Coroutines have other uses; a fashionable one is multiplexing many concurrent processes onto a small thread pool. As in, goroutines are coroutines, just, um, spelled differently.

Unfortunately, like many other languages, C doesn't have coroutines. What it does have though is setjmp/longjmp, which come very close to coroutine support - the missing step is just a sprinkle of inline assembly.

On some systems you actually get full coroutine support out of the box - as Wikipedia points out, you don't need any assembly if you have makecontext and friends. Many embedded systems don't have makecontext though, and do have setjmp/longjmp, so it's interesting how we can get by with just that.

The example code below isn't a full-fledged coroutine library - there are many libraries to choose from already. Rather, it shows what it takes to roll your own coroutines if you need to - which is just a page of code.

So here's how the iterator example can look in C with coroutines:

#include <stdio.h>
#include "coroutine.h"

typedef struct {
  coroutine* c;
  int max_x, max_y;
  int x, y;
} iter;

void iterate(void* p) {
  iter* it = (iter*)p;
  int x,y;
  for(x=0; x<it->max_x; x++) {
    for(y=0; y<it->max_y; y++) {
      it->x = x;
      it->y = y;
      yield(it->c);
    }
  }
}

#define N 1024

int main() {
  coroutine c;
  int stack[N];
  iter it = {&c, 3, 2};
  start(&c, &iterate, &it, stack+N);
  while(next(&c)) {
    printf("x=%d y=%d\n", it.x, it.y);
  }
}

This is somewhat uglier than Python, with an iter struct used for specifying the 2D range (max_x, max_y) as well as for generating the values (x,y). We also get to allocate a stack - and, in my simplistic example, we must actually know that stacks grow downwards on our platform (hence we pass stack+N instead of stack). Worse, C doesn't really give us a way to estimate how much stack space we'll need, or to grow the stack on demand.

But the flow is similar - start initializes a coroutine, next is used to get values, returning false when it runs out of values, and yield is called to jump back to the consumer.

We'll now walk through an implementation of this coroutine interface.

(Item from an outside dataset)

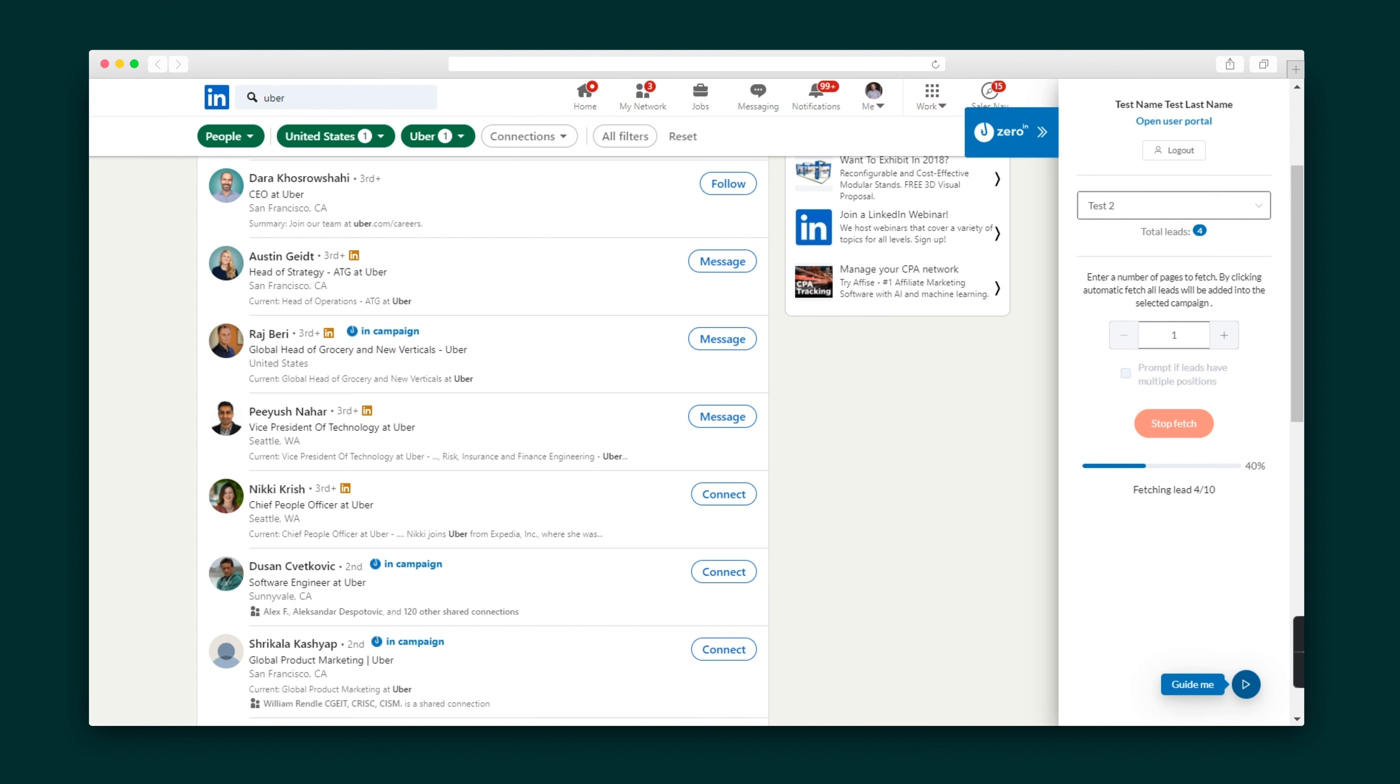Prospective contacts can then be sorted into campaigns or lists, which are created in one click. Enter in your search terms and ZeroIn is off to the races.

The interface itself looks like this:

#include <setjmp.h>

typedef struct {
  jmp_buf callee_context;
  jmp_buf caller_context;
} coroutine;

typedef void (*func)(void*);

void start(coroutine* c, func f, void* arg, void* sp);
void yield(coroutine* c);
int next(coroutine* c);

A coroutine is thus two contexts: the callee's (producer's), and the caller's (consumer's). The tricky and non-portable part is initializing these contexts (jmp_buf's). The cleaner and portable part is jumping back and forth between them, so let's see that first:

#include "coroutine.h"

enum { WORKING=1, DONE };

void yield(coroutine* c) {
  if(!setjmp(c->callee_context)) {
    longjmp(c->caller_context, WORKING);
  }
}

int next(coroutine* c) {
  int ret = setjmp(c->caller_context);
  if(!ret) {
    longjmp(c->callee_context, 1);
  }
  else {
    return ret == WORKING;
  }
}

So yield and next are each just a pair of setjmp/longjmp calls. The trick with setjmp is, it returns 0 right after you call it - having saved the context (machine registers, basically) to your jmp_buf. You can later return to this context (restore register values) with longjmp.

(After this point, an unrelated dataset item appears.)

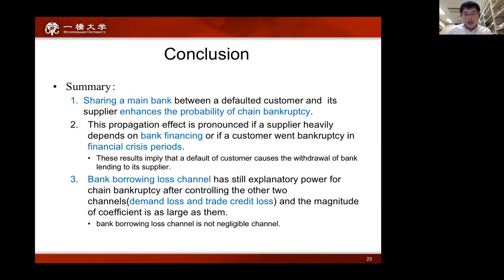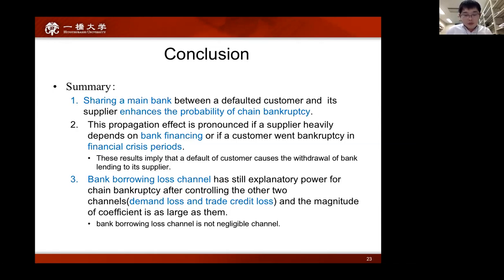In conclusion, the findings of this study are as follows. First, when a supplier's main bank is the same as a customer's, the probability of the supplier's bankruptcy within a year after its customer goes bankrupt is almost three times as high as when they don't share a main bank. Second, this propagation effect is pronounced if a supplier heavily depends on bank financing or if a customer went bankrupt during financial crisis periods, implying that a customer's default triggers withdrawal of bank lending to its supplier. Third, the bank borrowing loss channel still has explanatory power, and its coefficient is as large as the other two channels — demand loss and trade credit loss — meaning the bank borrowing loss channel is not negligible. Thank you for listening.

Where exactly does longjmp bring you? To the point in code where setjmp has just returned. How do you know that setjmp has just returned because longjmp brought you there - as opposed to returning directly after you called setjmp? Because setjmp returns the non-zero value that was passed to longjmp, rather than 0 as it does when returning directly. So if(!setjmp) asks, "did I just call you - or was it a long time ago and we're back from longjmp?"

As you can see, there's almost no difference between yield and next - both say, "save our current context and then go to the other side's context". The only thing setting next apart is, it reports whether we're DONE or WORKING.

But, it looks like we're always WORKING, doesn't it? ret is what's passed to longjmp and yield always passes WORKING. Which brings us to start - the one passing DONE, because, well, the code of start also contains the part where we're finished.

typedef struct {
  coroutine* c;
  func f;
  void* arg;
  void* old_sp;
  void* old_fp;
} start_params;

#define get_sp(p) \
  asm volatile("movq %%rsp, %0" : "=r"(p))
#define get_fp(p) \
  asm volatile("movq %%rbp, %0" : "=r"(p))
#define set_sp(p) \
  asm volatile("movq %0, %%rsp" : : "r"(p))
#define set_fp(p) \
  asm volatile("movq %0, %%rbp" : : "r"(p))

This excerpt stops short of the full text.